Phoenix Down

October 4, 2017. Phoenix, Arizona.

Never visit Phoenix. This land is cursed.

Off the plane, running on 25 hours of jetlagged wakefulness, a mound-shaped leper in a button-down tried to renegotiate everything about the rental car I ordered in advance to avoid having to negotiate it on landing.

“A lot of people pick economy on business so there aren’t many, and if you’re going to the Grand Canyon you might want something with a little more power. I can upgrade you for only a little more.”

Look, man. I’m here to look at rocks and drink weird beer with nuts and peppers in it. I don’t need a hemi to do that.

Dude was also hellbent on getting me to take special magic rental car insurance, no matter how many times I declined. When we finally did get to the parking lot, the attendant upgraded us anyway for free.

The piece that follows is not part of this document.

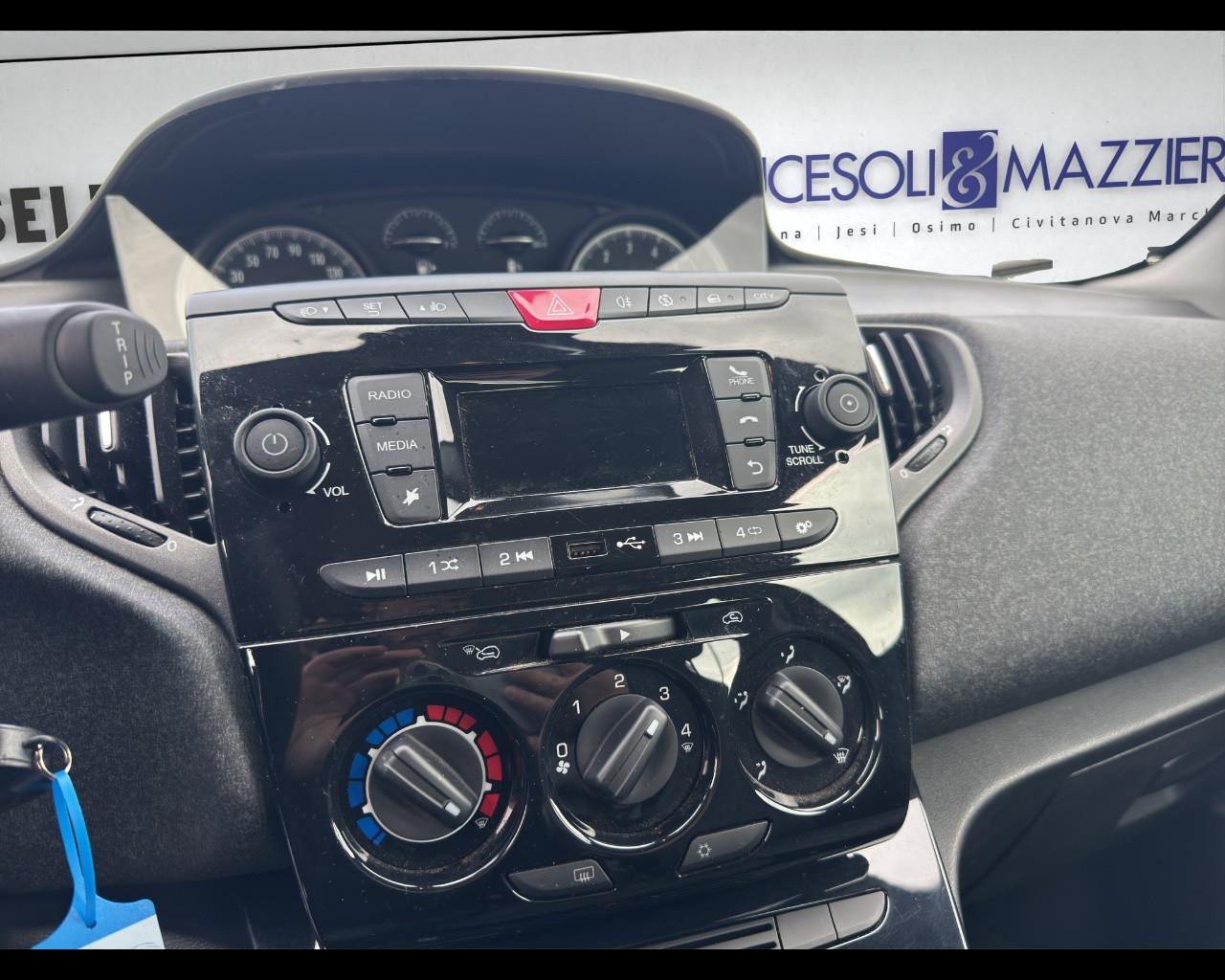 LANCIA Ypsilon 3ª serie - Ypsilon 1.0 FireFly 5 porte S&S Hybrid Ecochic Silver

But once I started driving through Phoenix proper, I understood, that leper was just looking out for my best interest.

You know how when you’re born, you get a social security card? Just cuz you’re born? That’s how driver’s licenses are in Arizona. No one here has the faintest concept of how driving works. The part of the brain that controls visuospatial processing is entirely missing. At birth, they excise the motor cortex and jam the newborn behind the wheel of a busted-ass 4×4.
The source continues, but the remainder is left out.